When we combine all those felonies that ended in misdemeanor convictions or less with all the felony charges that ended in outright dismissals or acquittals, the number is even more remarkable: nearly 88,000, or 82%, of arrests originally charged as felonies in New York did not lead to felony convictions in 2021. The same dataset shows that just 6.7% of all felony charges in New York state in 2021 resulted in upstate prison time.

The same patterns are even more pronounced in New York City, the perennial national punching bag for disingenuous politicians and media outlets. Of the 62,440 arrests in the city that were charged as "felonies," nearly 70% were dismissed, including acquittals, with the vast majority of dismissals by prosecutors. Of the remaining 19,717 felony charges that ended in "convictions" in 2021, 80% resolved as low-level misdemeanors or infractions with all felonies dismissed.

Taken together, 93% of arrests that began as felonies in New York City and resolved in 2021 did not end in felony convictions. And 57% of all New York City felony arrests that ended in conviction in 2021 included no additional incarceration as part of the sentence at all. 

Misleading arrest data

Police, prosecutors and their allies often use felony arrest data to argue for more pretrial detention and other tough-on-crime policies. But the same data shows that judges would be jailing people pretrial – upending and endangering their lives in the process – who are extremely unlikely to be convicted of a felony and even less likely to be sentenced to prison, undermining the necessity of incarceration in the first place.

The fight over bail reform, then, is really about whether to give judges – already predisposed to over-incarceration – even more power to jail people at arraignments, a minutes-long hearing when almost nothing is known about a case, when the data show people are almost never sentenced to incarceration after the facts become more clear.

Police and tough-on-crime politicians warn about the specter of “serious crimes” to scare New Yorkers into supporting carceral policies. But consider the story that New York’s arrest data actually tells us. The vast majority of felonies charged in New York are not “serious” enough to prosecute as such. We know this because prosecutors dismiss over five out of every six of these cases. As any public defender could tell you, what a person is charged with often has very little to do with the underlying facts in a case and how it ultimately resolves. 

Any conversation about safety and pretrial detention should begin with the ongoing humanitarian crisis on Rikers Island and other pretrial detention complexes, and the families of loved ones who have died because of pretrial caging. It should include real solutions that keep our communities safe, like well-funded schools, living wage jobs, and access to affordable housing and health care; the things that actually make communities healthy and safe.

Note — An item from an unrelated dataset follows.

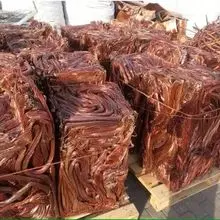 Premium Grade Copper Scrap for Industrial Recycling & Manufacturing Supply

The Democratic supermajorities in the Legislature may have caved on bail, but there’s still time for them to advance justice on other fronts before this year’s legislative session ends by passing the Clean Slate Act, Challenging Wrongful Convictions Act, Elder Parole Act and Fair & Timely Parole Act – four bills with majority support that await action by legislative leaders to allow a floor vote.

Fearmongering does not belong in the conversation.